Short web captions
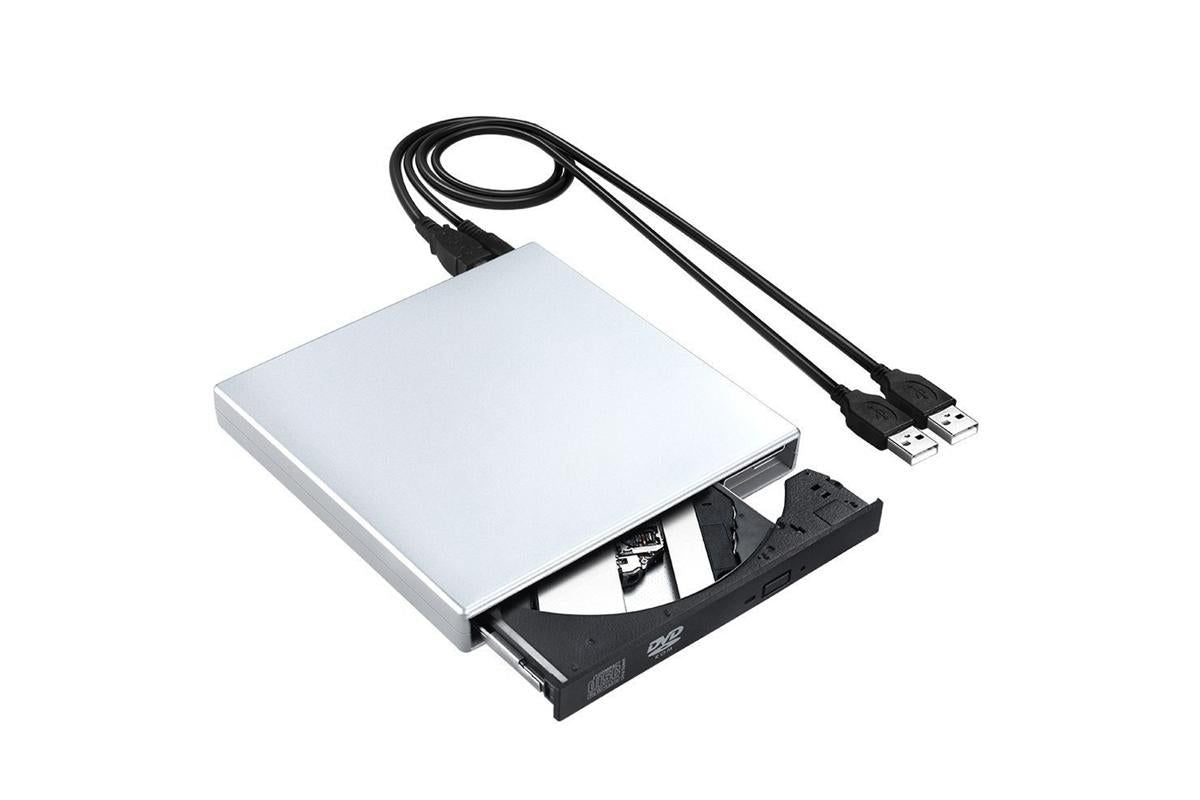USB 2.0 Slim Protable External CD-RW Drive Writer Player for Laptop Notebook PC Desktop Computer -Silver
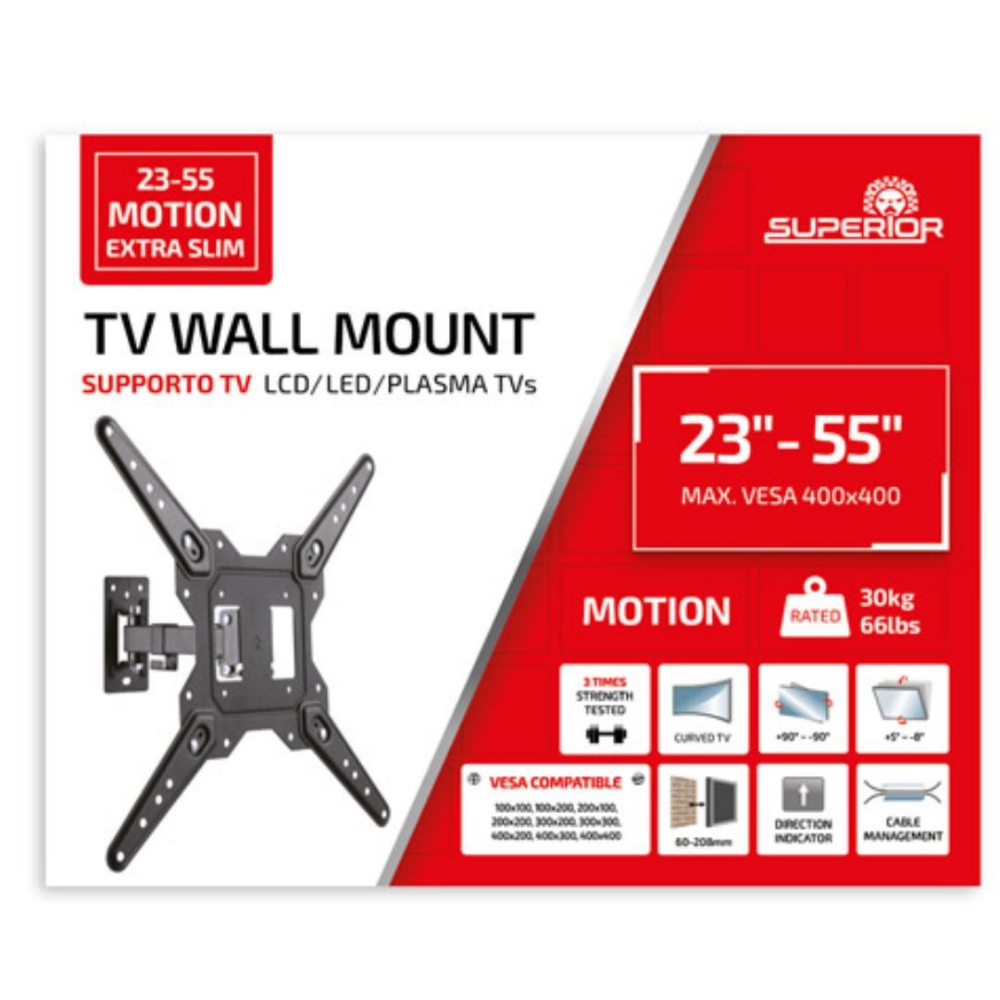 Immagine di STAFFA MONTAGGIO PER TV A MURO CON BRACCIO DOPPIO INCLINABILE 23"-55" SUPERIOR SUPSTV017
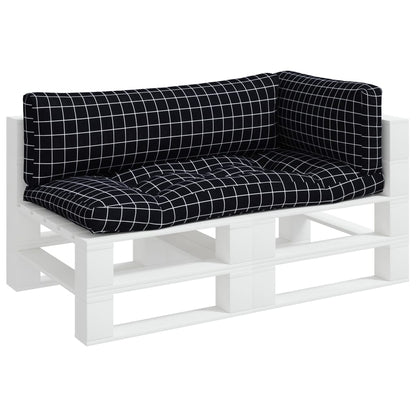 vidaXL Pallet Cushions 3 pcs Black Check Pattern Oxford Fabric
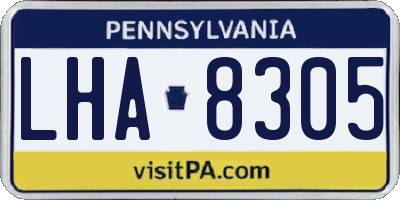 PA license plate LHA8305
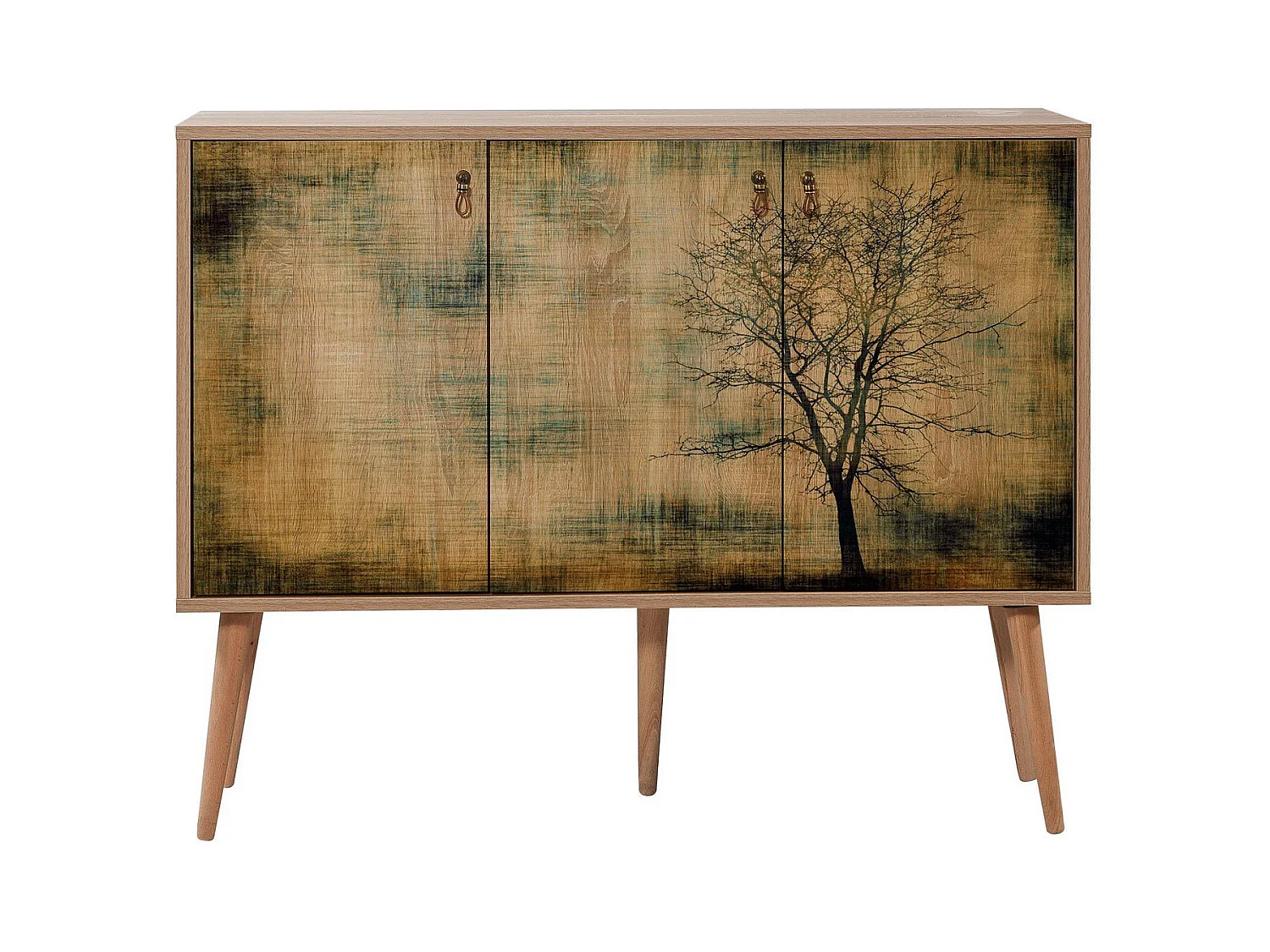 Buffet 3 portes Areva 120x90cm Motif Arbre Bois Naturel et Marron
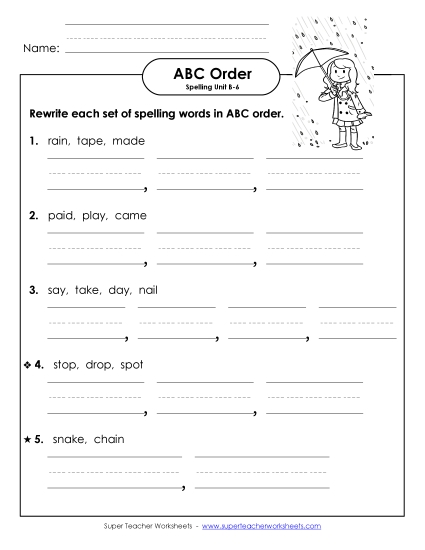 ABC Order - Word Sets (B-6)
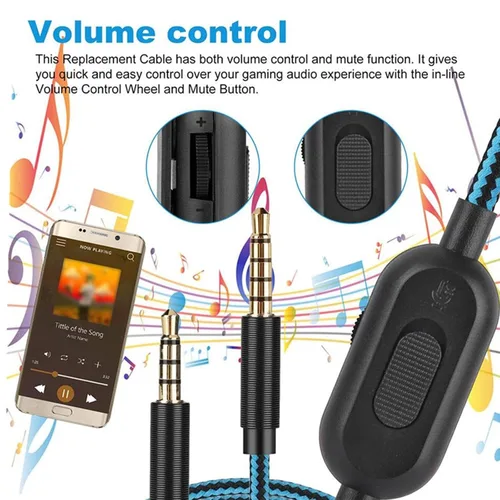Vista 4 de ZEZEFUFU Cable estéreo de repuesto de 0.138 in para auriculares de audio para Astro A10 A40 A30 Gaming Headset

:: Work required ::
The required output is the exact run of lines from the start of the records through the line containing "PA license plate LHA8305", both ends included, with no pictures.

:: Result for this exercise ::
USB 2.0 Slim Protable External CD-RW Drive Writer Player for Laptop Notebook PC Desktop Computer -Silver
 Immagine di STAFFA MONTAGGIO PER TV A MURO CON BRACCIO DOPPIO INCLINABILE 23"-55" SUPERIOR SUPSTV017
 vidaXL Pallet Cushions 3 pcs Black Check Pattern Oxford Fabric
 PA license plate LHA8305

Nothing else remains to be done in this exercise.